Let's now compare Angel's case, and see if it matches up to my pick for team MVP.The Case for (and against) Angel
Juan Pablo Angel joined Chivas in mid-August, technically after the end of the summer transfer window closed, as it was unclear for several days if JPA was actually joining Chivas or not. Following a rather poor campaign with the Galaxy, where he scored three goals and pitched in one assist in 22 appearances (17 starts). With the Galaxy, his scoring rate was 0.18 goals per 90 minutes.
Once JPA joined Chivas, he scored seven goals in nine appearances (all starts). Obviously, scoring more than double the number of goals with Chivas in a fraction of the games means he turned in a much better season with Chivas than with the Galaxy. His scoring rate with the Goats was 0.79 goals per 90 minutes.

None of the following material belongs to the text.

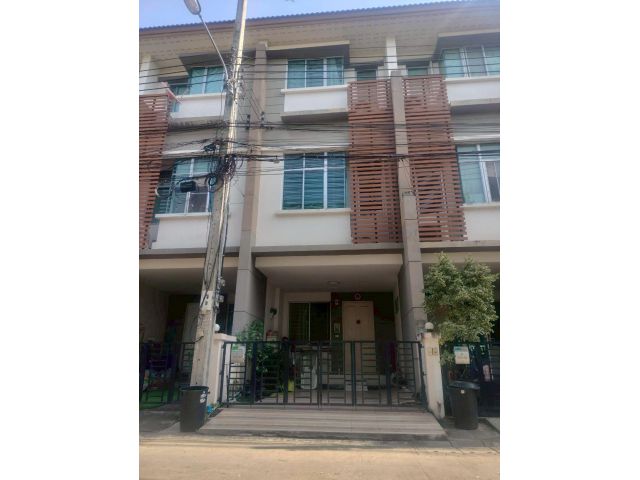 ขายทาวน์โฮม 3 ชั้น (พร้อมผู้เช่า)หมู่บ้าน ทาวน์พลัส ถนนประชาอุทิศ ติด Big C ประชาอุทิศ 90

That is good for best on Chivas this season, so his appearance seems to have improved Chivas substantially, at least regarding scoring.
There are several demerits to an MVP case for Angel, however. Most glaringly, he only appeared in about a quarter of the teams' total matches. If Chivas had been able to not only make the playoffs, but go on an impressive winning streak to end the season, courtesy of Angel's scoring, then we could justify the low appearance totals. But that isn't what happened. In fact, Chivas hit a slide that doomed their postseason chances shortly after JPA's arrival. This is not causal, as the bigger problem during the slump came from injuries to the defense and major defensive mistakes, but Angel did not fire Chivas to greater heights. In the games JPA played with Chivas, their record was 1-5-3. Six points in nine matches is obviously not a good return.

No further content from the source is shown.